Facility for Rare Isotope Beams to open its doors to discovery

11 April 2022

Ribbon-cutting ceremony 2 May includes Secretary of Energy

Michigan State University’s Facility for Rare Isotope Beams, a user facility for the U.S. Department of Energy Office of Science, will open its doors to discovery with a ribbon-cutting ceremony on 2 May. U.S. Secretary of Energy Jennifer M. Granholm and MSU President Samuel L. Stanley Jr., M.D., have invited guests to the event that will set the stage for beginning FRIB’s scientific mission.

FRIB will house the world’s most powerful heavy-ion accelerator, allowing researchers to access more than 1,000 new rare isotopes, many never before produced on Earth. Supporting a community of 1,600 scientists from around the world, FRIB will enable scientists to make discoveries about how the universe formed, while advancing innovation in medicine, nuclear security, environmental science and more.

The accelerator at FRIB will propel atoms to half the speed of light, resulting in collisions that produce rare isotopes that, until now, were only found in the cosmos, never on Earth.

Rare isotopes are versions of elements with a combination of protons and neutrons that does not hold together forever. To create rare isotopes at FRIB, a powerful beam of stable isotopes is sped up and collided with a target, producing rare isotopes.

Doors to discovery

Producing rare isotopes at FRIB also will lead to scientific discoveries that are bound to change society and improve lives. Nuclear science research already has led to the development of technologies including MRI and PET scans, smoke alarms, and cell phone technology. Additional breakthroughs in nuclear science are expected to yield further improvements in agriculture, environmental studies, and many other fields. 

Rare isotopes may also be used to research and develop new materials for everything from pharmaceuticals to alternative energy and fuel sources. And on the nuclear security front, FRIB scientists will be able to study rare isotopes to further understanding of nuclear reactions without the need for weapons testing.

One of the most immediate areas of potential impact is medicine. Breakthroughs in cancer medicine could be on the horizon. Doctors already use radioisotopes to find malignant cancer cells in PET scans. But medicine has yet to tap the full potential of rare isotopes to seek out and attack certain cancers in the body. Malignant cells can accumulate elements, like copper, and rare isotopes can help chemists and clinicians track them down.

Decades of experience

MSU has been a site of scientific discovery and a worldwide leader in nuclear science for more than half a century. The National Superconducting Cyclotron Laboratory, a National Science Foundation user facility, has operated for over 40 years at MSU. FRIB looks beyond NSCL’s discoveries to envision the next-generation technology needed for next-generation rare isotope experiments.

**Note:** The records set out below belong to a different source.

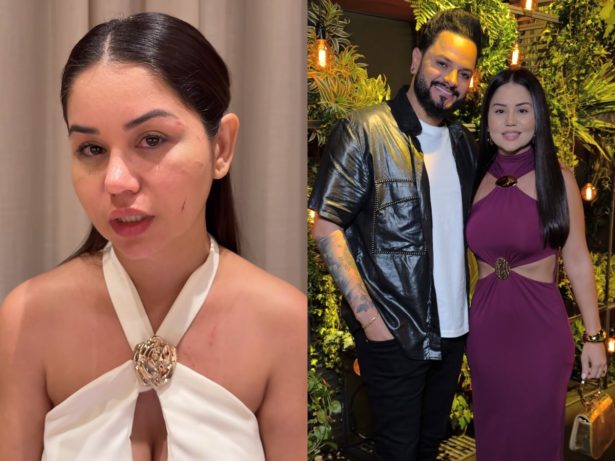 Esposa de Diego, dupla de Victor Hugo, é agredida por ex do cantor e expõe hematomas e ameaças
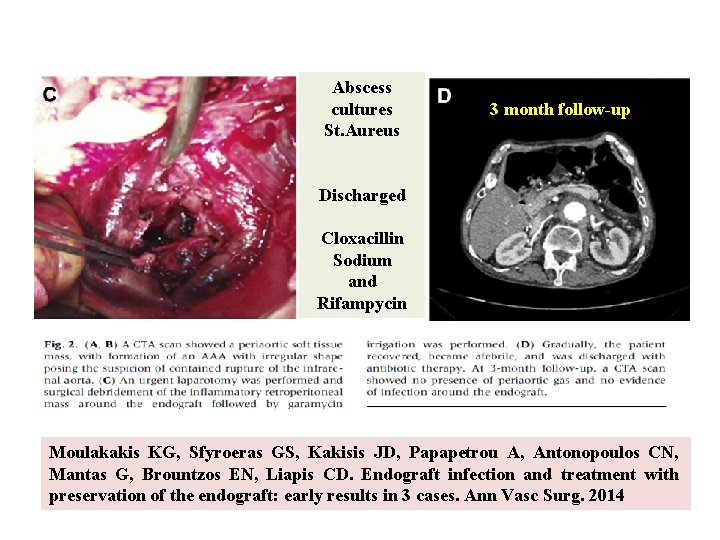 Abscess cultures St. Aureus 3 month follow-up Discharged Cloxacillin Sodium and Rifampycin Moulakakis KG,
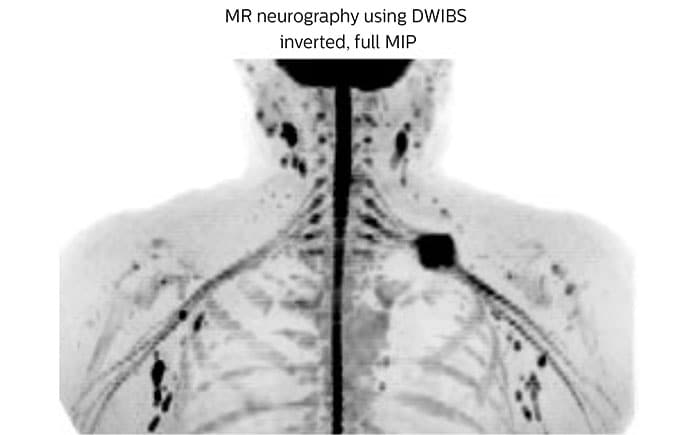 magnetic resonance neurography using DWIBS inverted, full MIP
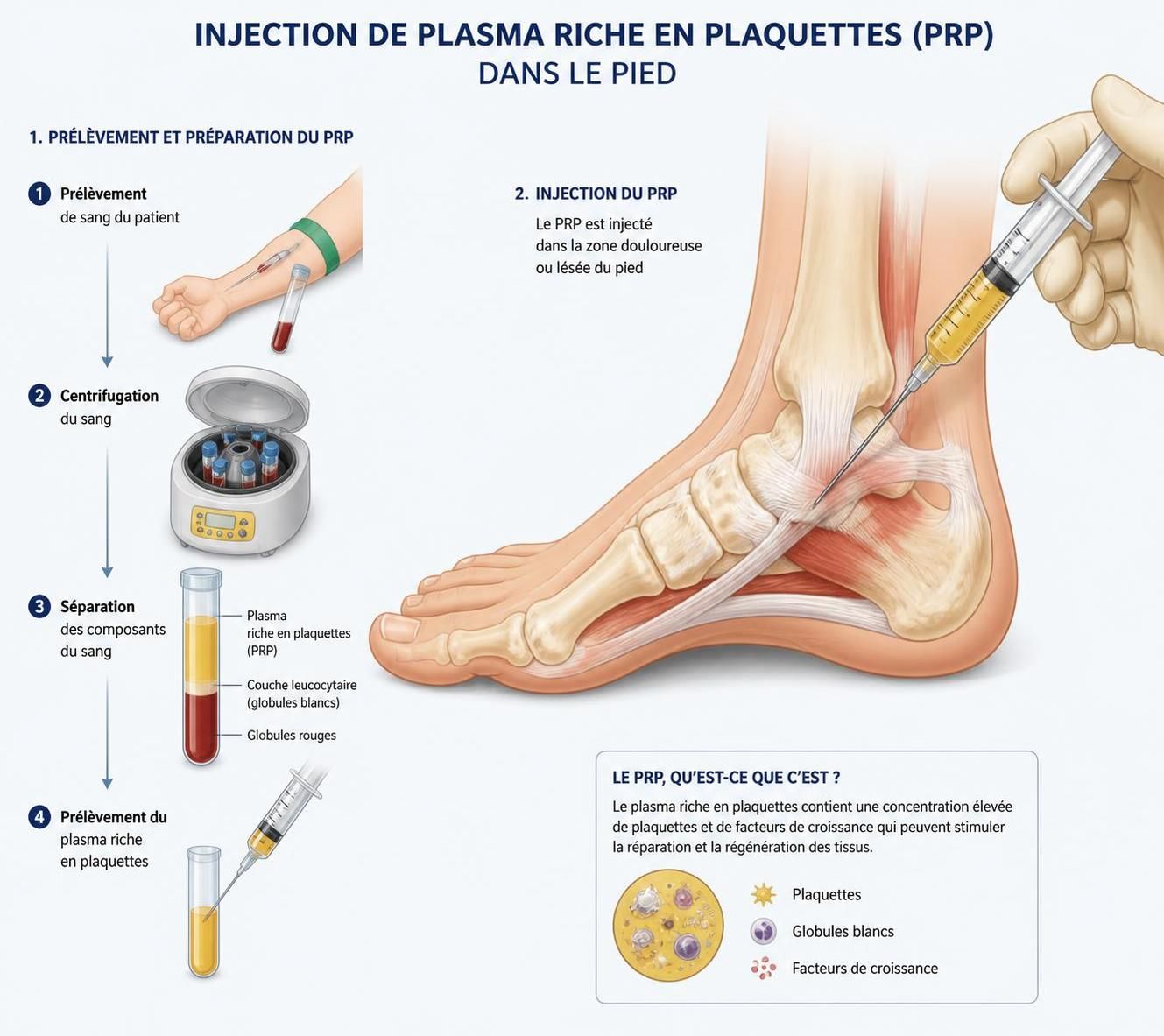 découvrez les causes courantes de la douleur à la plante des pieds et les solutions efficaces pour soulager et prévenir cet inconfort au quotidien.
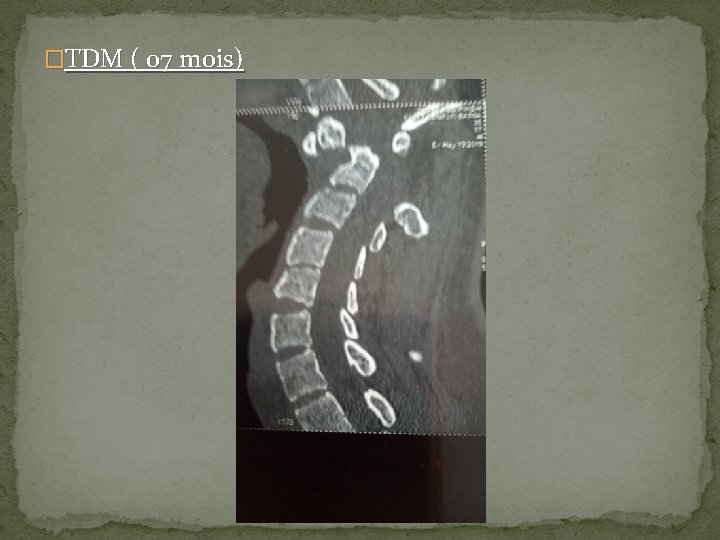�TDM ( 07 mois)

Additionally, the university has been home to the No. 1-ranked graduate program in nuclear physics since 2010 and educates about 10 percent of the nation’s doctoral students in nuclear physics.

Michigan State University (MSU) operates the Facility for Rare Isotope Beams (FRIB) as a user facility for the U.S. Department of Energy Office of Science (DOE-SC), supporting the mission of the DOE-SC Office of Nuclear Physics. The establishment of FRIB was funded by DOE-SC, MSU, and the State of Michigan, with user facility operation supported by the DOE-SC Office of Nuclear Physics.

The U.S. Department of Energy Office of Science is the single largest supporter of basic research in the physical sciences in the United States and is working to address some of today’s most pressing challenges. For more information, visit energy.gov/science.

Michigan State University has been working to advance the common good in uncommon ways for more than 165 years. One of the top research universities in the world, MSU focuses its vast resources on creating solutions to some of the world’s most pressing challenges, while providing life-changing opportunities to a diverse and inclusive academic community through more than 200 programs of study in 17 degree-granting colleges.